▸ **Instructions for the task**:
Please give back word for word the lines below, from the first one through the one with "Scientist dripping liquid".

▸ **Records for the task**:
════════════════════
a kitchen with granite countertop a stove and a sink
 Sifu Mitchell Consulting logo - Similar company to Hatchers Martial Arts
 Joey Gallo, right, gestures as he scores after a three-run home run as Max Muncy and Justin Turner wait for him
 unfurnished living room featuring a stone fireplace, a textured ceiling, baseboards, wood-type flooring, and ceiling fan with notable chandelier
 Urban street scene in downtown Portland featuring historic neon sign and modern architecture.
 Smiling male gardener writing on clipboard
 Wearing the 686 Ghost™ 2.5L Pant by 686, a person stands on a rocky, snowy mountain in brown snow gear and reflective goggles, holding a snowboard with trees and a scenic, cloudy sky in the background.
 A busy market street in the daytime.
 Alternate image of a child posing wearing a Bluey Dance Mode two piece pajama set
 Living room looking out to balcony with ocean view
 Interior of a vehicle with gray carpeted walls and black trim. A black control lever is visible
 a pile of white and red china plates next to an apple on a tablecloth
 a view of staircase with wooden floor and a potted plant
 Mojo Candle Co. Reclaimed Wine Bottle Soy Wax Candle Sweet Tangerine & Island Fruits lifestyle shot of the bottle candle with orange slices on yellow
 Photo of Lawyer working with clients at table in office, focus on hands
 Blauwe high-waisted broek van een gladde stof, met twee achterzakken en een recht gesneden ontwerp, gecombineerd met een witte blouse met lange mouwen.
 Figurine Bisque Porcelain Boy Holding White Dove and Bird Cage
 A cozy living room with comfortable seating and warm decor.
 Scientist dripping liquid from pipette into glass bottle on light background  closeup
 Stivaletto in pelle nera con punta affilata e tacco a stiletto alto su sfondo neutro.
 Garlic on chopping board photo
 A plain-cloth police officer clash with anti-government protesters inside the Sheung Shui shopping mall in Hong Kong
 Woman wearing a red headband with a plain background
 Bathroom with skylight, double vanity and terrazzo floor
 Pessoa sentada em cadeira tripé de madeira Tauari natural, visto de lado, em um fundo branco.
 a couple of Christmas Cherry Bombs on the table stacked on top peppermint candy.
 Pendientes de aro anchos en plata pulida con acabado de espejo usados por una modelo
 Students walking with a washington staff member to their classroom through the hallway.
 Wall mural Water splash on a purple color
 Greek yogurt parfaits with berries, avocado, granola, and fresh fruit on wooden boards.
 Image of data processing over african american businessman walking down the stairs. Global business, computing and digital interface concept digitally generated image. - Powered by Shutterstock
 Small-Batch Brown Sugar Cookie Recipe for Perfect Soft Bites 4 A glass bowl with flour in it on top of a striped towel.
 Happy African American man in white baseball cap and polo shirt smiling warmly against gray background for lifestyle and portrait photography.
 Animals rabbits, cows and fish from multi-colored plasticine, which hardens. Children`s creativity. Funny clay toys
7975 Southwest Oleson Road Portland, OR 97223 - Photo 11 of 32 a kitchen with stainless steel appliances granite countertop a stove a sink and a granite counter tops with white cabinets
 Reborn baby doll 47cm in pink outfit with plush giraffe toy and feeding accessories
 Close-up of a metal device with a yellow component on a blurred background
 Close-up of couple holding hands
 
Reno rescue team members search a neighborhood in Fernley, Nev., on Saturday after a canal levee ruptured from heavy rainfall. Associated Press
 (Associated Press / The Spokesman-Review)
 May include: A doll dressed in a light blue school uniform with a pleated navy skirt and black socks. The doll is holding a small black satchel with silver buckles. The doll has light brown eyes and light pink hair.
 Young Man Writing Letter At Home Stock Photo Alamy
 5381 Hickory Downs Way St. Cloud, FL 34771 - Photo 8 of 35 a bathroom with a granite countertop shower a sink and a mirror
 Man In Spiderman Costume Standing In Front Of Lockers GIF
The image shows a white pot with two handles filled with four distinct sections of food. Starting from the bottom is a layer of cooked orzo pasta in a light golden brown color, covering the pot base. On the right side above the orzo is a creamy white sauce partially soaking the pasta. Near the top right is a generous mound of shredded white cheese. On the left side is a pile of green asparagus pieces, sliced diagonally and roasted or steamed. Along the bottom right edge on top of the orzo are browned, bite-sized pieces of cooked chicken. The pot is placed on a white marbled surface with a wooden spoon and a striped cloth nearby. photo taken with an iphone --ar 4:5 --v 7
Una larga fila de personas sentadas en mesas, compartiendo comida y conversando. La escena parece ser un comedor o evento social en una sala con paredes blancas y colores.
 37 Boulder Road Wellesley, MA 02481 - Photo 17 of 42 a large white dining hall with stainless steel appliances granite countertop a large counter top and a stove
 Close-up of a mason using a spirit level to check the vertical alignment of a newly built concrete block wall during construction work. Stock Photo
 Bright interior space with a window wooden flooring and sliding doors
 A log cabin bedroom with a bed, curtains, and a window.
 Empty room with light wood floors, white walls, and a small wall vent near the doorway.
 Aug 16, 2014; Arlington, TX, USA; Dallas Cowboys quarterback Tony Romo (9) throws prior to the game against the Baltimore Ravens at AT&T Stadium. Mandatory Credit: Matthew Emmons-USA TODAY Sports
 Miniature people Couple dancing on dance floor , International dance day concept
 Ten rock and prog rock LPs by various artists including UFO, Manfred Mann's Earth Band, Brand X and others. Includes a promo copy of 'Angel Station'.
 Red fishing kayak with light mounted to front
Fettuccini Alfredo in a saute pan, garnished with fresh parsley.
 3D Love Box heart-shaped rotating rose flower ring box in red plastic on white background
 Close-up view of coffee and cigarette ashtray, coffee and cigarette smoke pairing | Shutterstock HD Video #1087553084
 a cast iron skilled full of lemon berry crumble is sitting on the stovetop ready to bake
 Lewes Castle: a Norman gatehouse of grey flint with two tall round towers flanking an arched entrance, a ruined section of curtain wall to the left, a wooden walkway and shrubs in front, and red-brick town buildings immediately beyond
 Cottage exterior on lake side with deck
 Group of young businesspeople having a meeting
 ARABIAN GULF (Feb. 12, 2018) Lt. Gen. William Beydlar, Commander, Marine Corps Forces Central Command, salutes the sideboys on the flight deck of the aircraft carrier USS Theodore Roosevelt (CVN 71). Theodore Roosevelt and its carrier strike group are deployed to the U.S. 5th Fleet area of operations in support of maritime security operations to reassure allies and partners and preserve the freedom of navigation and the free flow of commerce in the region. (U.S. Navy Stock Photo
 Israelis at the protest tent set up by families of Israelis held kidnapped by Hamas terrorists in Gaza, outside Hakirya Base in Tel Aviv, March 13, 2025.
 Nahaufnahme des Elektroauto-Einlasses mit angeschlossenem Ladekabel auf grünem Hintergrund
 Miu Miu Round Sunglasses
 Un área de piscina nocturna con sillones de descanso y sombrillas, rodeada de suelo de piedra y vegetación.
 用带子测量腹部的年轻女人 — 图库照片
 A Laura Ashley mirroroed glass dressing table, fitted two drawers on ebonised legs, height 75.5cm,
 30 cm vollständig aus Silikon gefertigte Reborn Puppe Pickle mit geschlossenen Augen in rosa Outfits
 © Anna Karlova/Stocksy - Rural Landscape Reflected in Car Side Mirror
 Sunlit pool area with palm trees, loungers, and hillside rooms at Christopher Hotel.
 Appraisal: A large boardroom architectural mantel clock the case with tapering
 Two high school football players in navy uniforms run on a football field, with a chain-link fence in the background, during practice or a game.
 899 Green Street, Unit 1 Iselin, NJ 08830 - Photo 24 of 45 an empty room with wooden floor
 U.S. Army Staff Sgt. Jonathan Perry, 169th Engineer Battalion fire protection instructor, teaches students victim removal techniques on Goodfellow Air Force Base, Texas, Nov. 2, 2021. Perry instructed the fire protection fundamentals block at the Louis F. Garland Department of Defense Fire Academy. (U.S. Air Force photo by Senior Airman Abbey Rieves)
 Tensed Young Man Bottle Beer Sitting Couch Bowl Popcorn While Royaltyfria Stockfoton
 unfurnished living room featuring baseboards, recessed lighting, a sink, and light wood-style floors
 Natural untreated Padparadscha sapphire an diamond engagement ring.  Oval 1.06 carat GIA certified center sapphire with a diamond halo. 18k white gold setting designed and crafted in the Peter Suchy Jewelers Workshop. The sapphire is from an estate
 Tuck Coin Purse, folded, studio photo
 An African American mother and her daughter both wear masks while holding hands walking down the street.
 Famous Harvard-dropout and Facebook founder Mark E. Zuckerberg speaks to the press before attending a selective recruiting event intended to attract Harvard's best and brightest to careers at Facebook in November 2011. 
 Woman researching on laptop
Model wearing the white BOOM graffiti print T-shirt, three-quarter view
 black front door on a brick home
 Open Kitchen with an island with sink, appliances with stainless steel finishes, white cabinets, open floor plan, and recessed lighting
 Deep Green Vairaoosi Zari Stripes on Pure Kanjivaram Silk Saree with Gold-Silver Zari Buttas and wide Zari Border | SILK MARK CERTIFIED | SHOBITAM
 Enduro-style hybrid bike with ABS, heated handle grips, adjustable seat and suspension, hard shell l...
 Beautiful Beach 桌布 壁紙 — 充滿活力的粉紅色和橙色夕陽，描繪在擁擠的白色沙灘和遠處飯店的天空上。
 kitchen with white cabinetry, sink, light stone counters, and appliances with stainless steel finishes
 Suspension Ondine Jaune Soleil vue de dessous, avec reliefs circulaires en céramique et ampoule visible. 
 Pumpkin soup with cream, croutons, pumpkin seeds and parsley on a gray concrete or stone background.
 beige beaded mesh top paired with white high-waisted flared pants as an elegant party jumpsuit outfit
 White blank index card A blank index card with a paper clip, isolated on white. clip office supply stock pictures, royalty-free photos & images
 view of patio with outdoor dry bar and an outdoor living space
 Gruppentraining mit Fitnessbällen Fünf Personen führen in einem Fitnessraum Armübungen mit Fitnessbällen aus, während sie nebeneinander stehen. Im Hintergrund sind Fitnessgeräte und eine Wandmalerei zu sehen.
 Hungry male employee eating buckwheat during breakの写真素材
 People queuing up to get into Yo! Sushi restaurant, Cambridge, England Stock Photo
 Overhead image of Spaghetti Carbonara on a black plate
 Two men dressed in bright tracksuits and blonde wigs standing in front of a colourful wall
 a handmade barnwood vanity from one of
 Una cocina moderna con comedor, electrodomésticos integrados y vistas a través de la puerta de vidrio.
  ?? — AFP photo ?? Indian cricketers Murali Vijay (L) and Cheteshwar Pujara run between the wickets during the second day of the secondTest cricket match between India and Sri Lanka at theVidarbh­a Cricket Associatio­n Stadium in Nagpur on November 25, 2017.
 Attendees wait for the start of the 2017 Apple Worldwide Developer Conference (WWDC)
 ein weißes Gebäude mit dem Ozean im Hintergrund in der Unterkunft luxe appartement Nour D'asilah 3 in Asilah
════════════════════
▸ **Task result**:
a kitchen with granite countertop a stove and a sink
 Sifu Mitchell Consulting logo - Similar company to Hatchers Martial Arts
 Joey Gallo, right, gestures as he scores after a three-run home run as Max Muncy and Justin Turner wait for him
 unfurnished living room featuring a stone fireplace, a textured ceiling, baseboards, wood-type flooring, and ceiling fan with notable chandelier
 Urban street scene in downtown Portland featuring historic neon sign and modern architecture.
 Smiling male gardener writing on clipboard
 Wearing the 686 Ghost™ 2.5L Pant by 686, a person stands on a rocky, snowy mountain in brown snow gear and reflective goggles, holding a snowboard with trees and a scenic, cloudy sky in the background.
 A busy market street in the daytime.
 Alternate image of a child posing wearing a Bluey Dance Mode two piece pajama set
 Living room looking out to balcony with ocean view
 Interior of a vehicle with gray carpeted walls and black trim. A black control lever is visible
 a pile of white and red china plates next to an apple on a tablecloth
 a view of staircase with wooden floor and a potted plant
 Mojo Candle Co. Reclaimed Wine Bottle Soy Wax Candle Sweet Tangerine & Island Fruits lifestyle shot of the bottle candle with orange slices on yellow
 Photo of Lawyer working with clients at table in office, focus on hands
 Blauwe high-waisted broek van een gladde stof, met twee achterzakken en een recht gesneden ontwerp, gecombineerd met een witte blouse met lange mouwen.
 Figurine Bisque Porcelain Boy Holding White Dove and Bird Cage
 A cozy living room with comfortable seating and warm decor.
 Scientist dripping liquid from pipette into glass bottle on light background  closeup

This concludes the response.